Меньше чем через полчаса девушка ступает на брусчатку моста. Оглядевшись, она выбирает тот конец переулка, в котором виднелось открытое море, и направляется к набережной.
Там ветрено. Голос океана, едва слышный с виадука, становится громче. Девушка наклоняется над шершавой каменной оградой набережной и смотрит вниз.
Вокруг черной громады, уходящей прямо из-под рук в пену и мельтешение волн, вьются далеко внизу белые искорки. «Чайки» — поразмыслив, говорит себе девушка. Примерно кварталом правее вдоль кромки моста виднеется вторая уходящая в воду громада. Между ними свободно движутся темно-малахитовые волны. Корабля не видно. Девушка проходит пару сотен шагов влево, чтобы увидеть другой проход между быками моста, но корабля нет и там.
Она присаживается на ограду и ждет.
Чайки не поднимаются выше середины быков. Их крики можно услышать, только когда ненадолго стихает ветер. А ветер стихает редко. Резкие порывы растрепывают распущенные волосы девушки. Наконец она не выдерживает, кое-как разбирает на три пряди и заплетает косу. Завязать кончик все равно нечем, девушка растерянно теребит косу в руках, и, наконец, засовывает под воротник.
Когда тень от скалы на правом мысе накрыла больше половины города-моста, корабль все еще не показался. Девушка вздыхает и уходит по ближайшему переулку вглубь города.
Ее хромота кажется такой же непривычной, как и длинные светлые волосы. Девушка то упирается носком более короткой ноги, то заваливается набок, никак не умея поймать наиболее удобную походку.

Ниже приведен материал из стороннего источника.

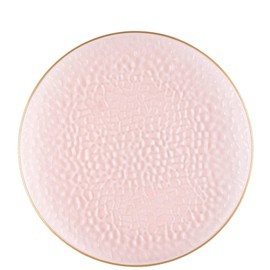 EcoQuality 9" inch Round Hammered Translucent Pink Plastic Plates with Gold Rim - China Like Party Plates, Heavy Duty Large Disposable Dinner Charger Salad Plate Weddings, Serveware (120 PACK)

И первое же, что ей доводится увидеть в городе, заставляет девушку остановиться вовсе. На противоположном углу перекрестка мелко семенит существо, похожее на старую худую курицу — седые волосы под круглой шапочкой, черная поблескивающая мантия с коротковатыми рукавами, худые ноги в стоптанных туфлях, высоченная стопка книг и метла под мышкой.
Девушка невольно улыбается, но из-за угла прямо на старушку выбегает женщина средних лет с собачкой на руках. Толкнув старуху — книги разлетаются по всему тротуару — женщина, даже не обернувшись, сворачивает на широкую улицу и уходит. Хромоножка замирает, схватившись руками за косу. Тем временем улицу переходит молодой мужчина и проходит мимо старухи прямо по книгам, ступая так, как будто тротуар… ну. просто неровный. Немногие прохожие на разных сторонах перекрестка не ведут и бровью. Старушка за все это время не издает ни звука, только прислоняет метлу к стене и неловко опускается на колени, собирать книги.
Девушка перебегает перекресток наискосок, сердито вытягивая носок неудобной ноги, и становится на колени рядом со старушкой. Та поднимает на неожиданную помощницу глаза — и вдруг девушка понимает, что перед ней вовсе не старушка. Старичок. Да, даже, быть может, не совсем еще старичок — просто пожилой, худой мужчина с узкими плечами и запястьями, с седой косицей и буклями, и детским, беспомощным выражением лица. Действительно, похож на черную курицу.
— Зачем вы тащите еще и метлу? — спрашивает девушка, складывая книги в стопку, — ведь неудобно.
— Поленился идти пешком до библиотеки, — извиняющимся голосом отвечает книголюб, — а везти оказалось никак невозможно…
Девушка откладывает больше половины книг в отдельную стопку, подает метлу и помогает старичку утвердить на руках стопку поменьше. Затем поднимает свою стопку, злорадно прижав книгами косу на груди — хоть этой докукой меньше — и улыбается.